NewsHong Kong

Public 'disgusted' by filibustering, CY Leung says

Chief executive accuses radicals of 'hijacking the will of the majority of lawmakers and residents'

PUBLISHED : Friday, 23 May, 2014, 4:22am
UPDATED : Friday, 23 May, 2014, 4:22am

Chief Executive Leung Chun-ying has stepped up his rhetoric against radical lawmakers' filibustering, saying the delaying tactics have hurt Hong Kong's competitiveness and "deeply disgusted" the public.

An attempt to delay the passage of the government's budget "has hijacked the will of the majority of lawmakers and residents", he said in a Legislative Council question-and-answer session yesterday.

Such tactics "paralysed the government and the legislature frequently, and it is the residents that are eventually the victims".

Leung also expressed concern that filibustering could derail his plan to set up a new innovation and technology bureau, which he said was important to the city's development.

Pan-democrats filed 1,192 amendments to the budget bill, most sponsored by two People Power lawmakers and "Long Hair" Leung Kwok-hung of the League of Social Democrats. They call on the government to deliver on a universal pension scheme and give a direct cash handout to all Hongkongers.

Leung said numerous proposals, including an allowance for low-income working families, an increase in the kindergarten vouchers subsidy, a medical allowance for elderly people and an extra allowance for social security recipients, could be delayed by the filibuster.

Referring to the just-unveiled IMD World Competitiveness Rankings 2013, in which Hong Kong dropped out of the top three for the first time in a decade, Leung said Hong Kong had to work on ways to improve the city's competitiveness.

He appealed to the public to speak up against filibustering because "society has been deeply disgusted by" a tactic "which hurts the city's competitiveness".

On his recent visit to Sweden, Leung said, he had learnt that technological innovation had been a key driving force for the Scandinavian nation's economy.

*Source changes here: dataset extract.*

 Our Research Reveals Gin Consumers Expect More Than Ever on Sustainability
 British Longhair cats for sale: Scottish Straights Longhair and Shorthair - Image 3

In his policy address he proposed an innovation and technology bureau to promote economic development. "But there is already a lawmaker who has vowed to block the establishment of the bureau by means of filibustering," he said.

"Long Hair" Leung has said he would filibuster approval of the bureau in protest at the government's refusal to grant a free-television licence to Hong Kong Television Network.